(Short descriptive text snippets)
------------------------------------

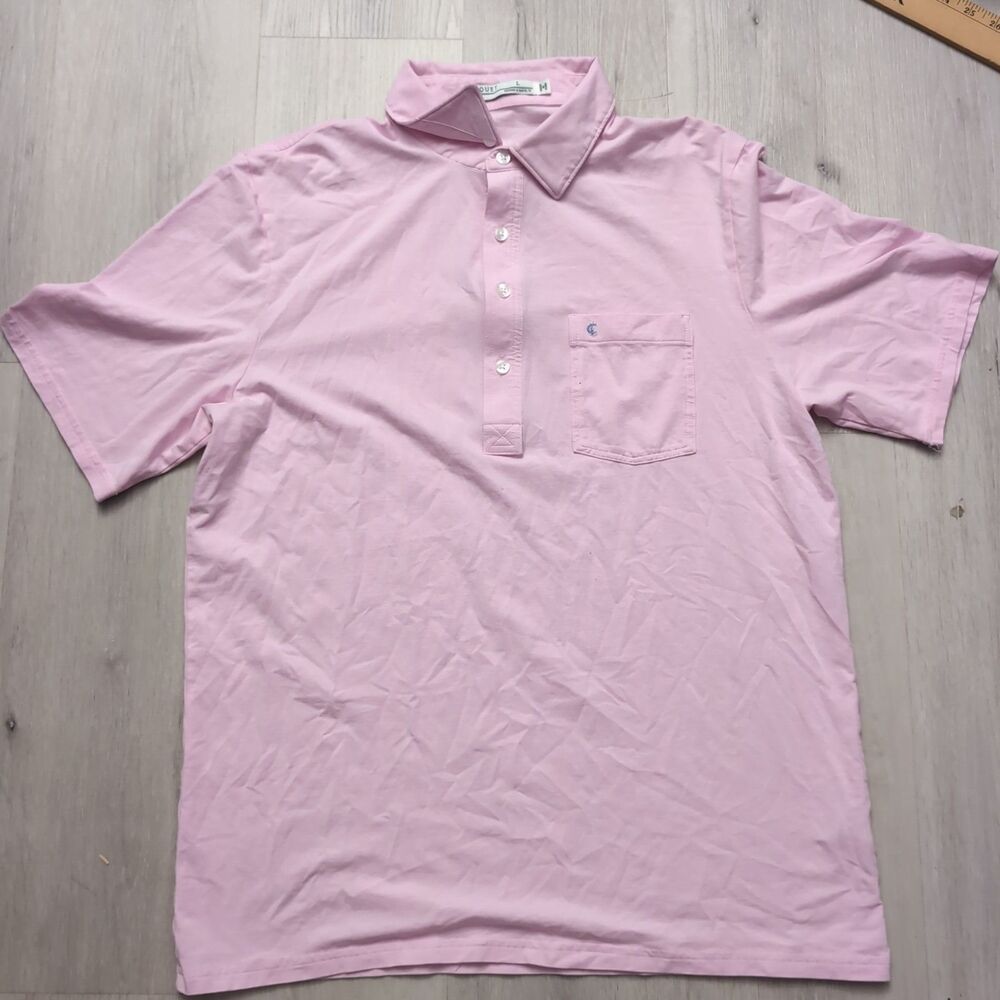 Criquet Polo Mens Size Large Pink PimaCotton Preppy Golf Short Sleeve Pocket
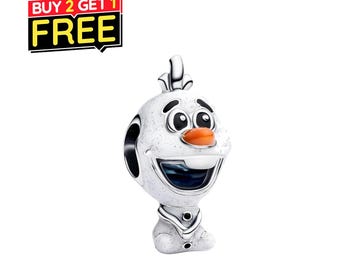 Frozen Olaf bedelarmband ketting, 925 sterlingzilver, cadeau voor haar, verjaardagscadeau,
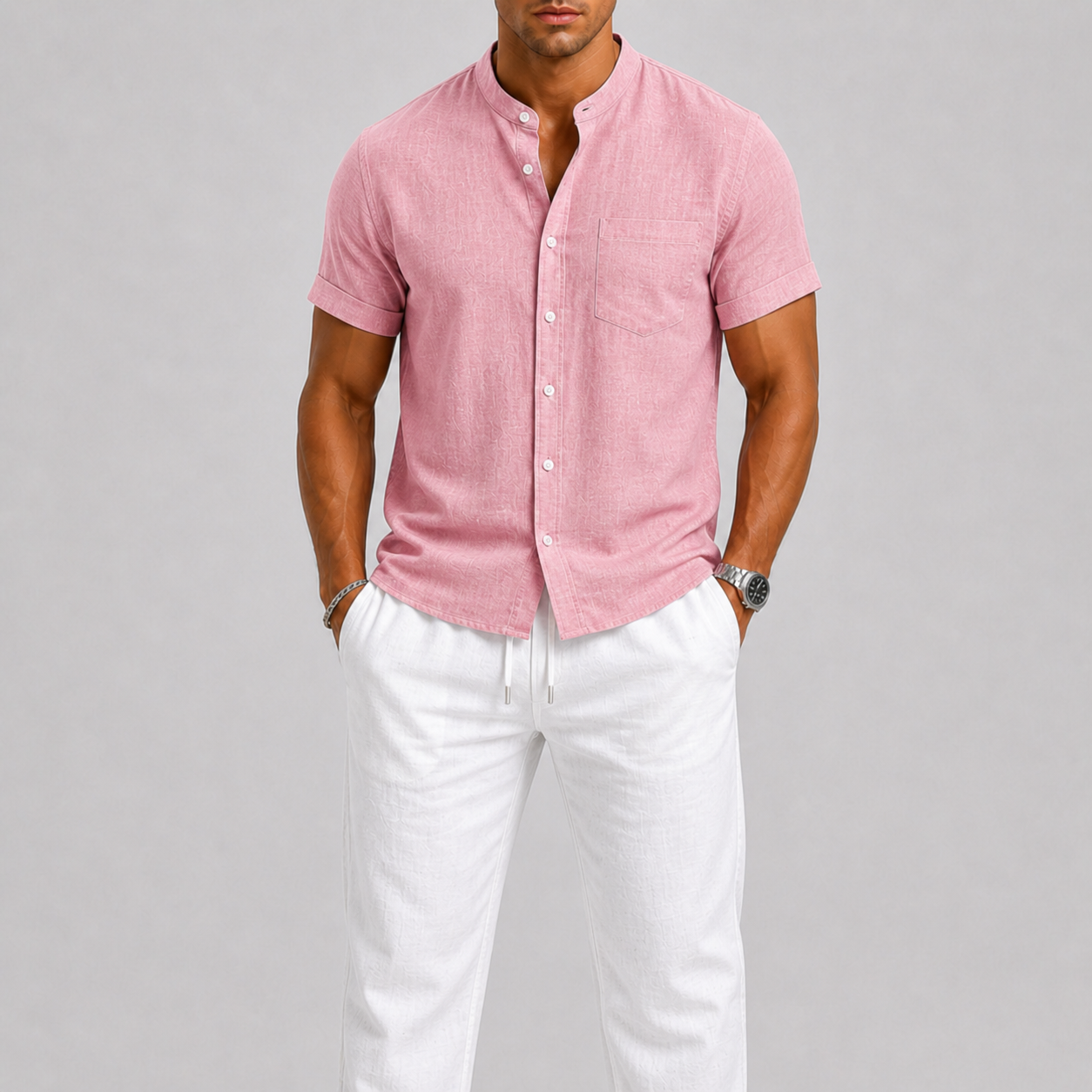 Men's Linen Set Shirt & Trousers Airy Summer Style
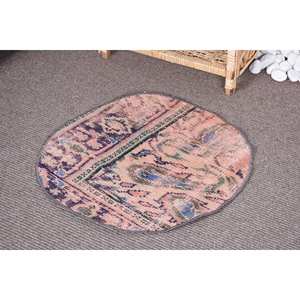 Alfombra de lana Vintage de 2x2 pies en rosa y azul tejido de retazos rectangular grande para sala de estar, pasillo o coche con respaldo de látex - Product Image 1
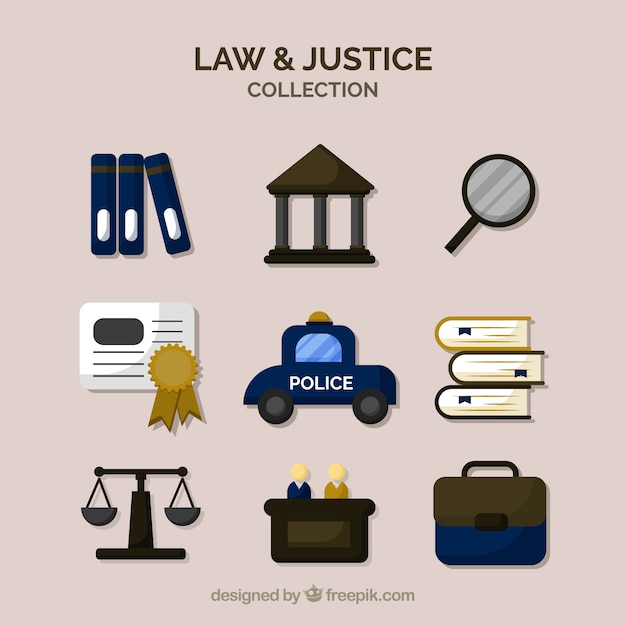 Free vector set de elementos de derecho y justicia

------------------------------------

Every line above should be returned exactly; the pictures stay out.

**Solution:**
 Criquet Polo Mens Size Large Pink PimaCotton Preppy Golf Short Sleeve Pocket
 Frozen Olaf bedelarmband ketting, 925 sterlingzilver, cadeau voor haar, verjaardagscadeau,
 Men's Linen Set Shirt & Trousers Airy Summer Style
 Alfombra de lana Vintage de 2x2 pies en rosa y azul tejido de retazos rectangular grande para sala de estar, pasillo o coche con respaldo de látex - Product Image 1
 Free vector set de elementos de derecho y justicia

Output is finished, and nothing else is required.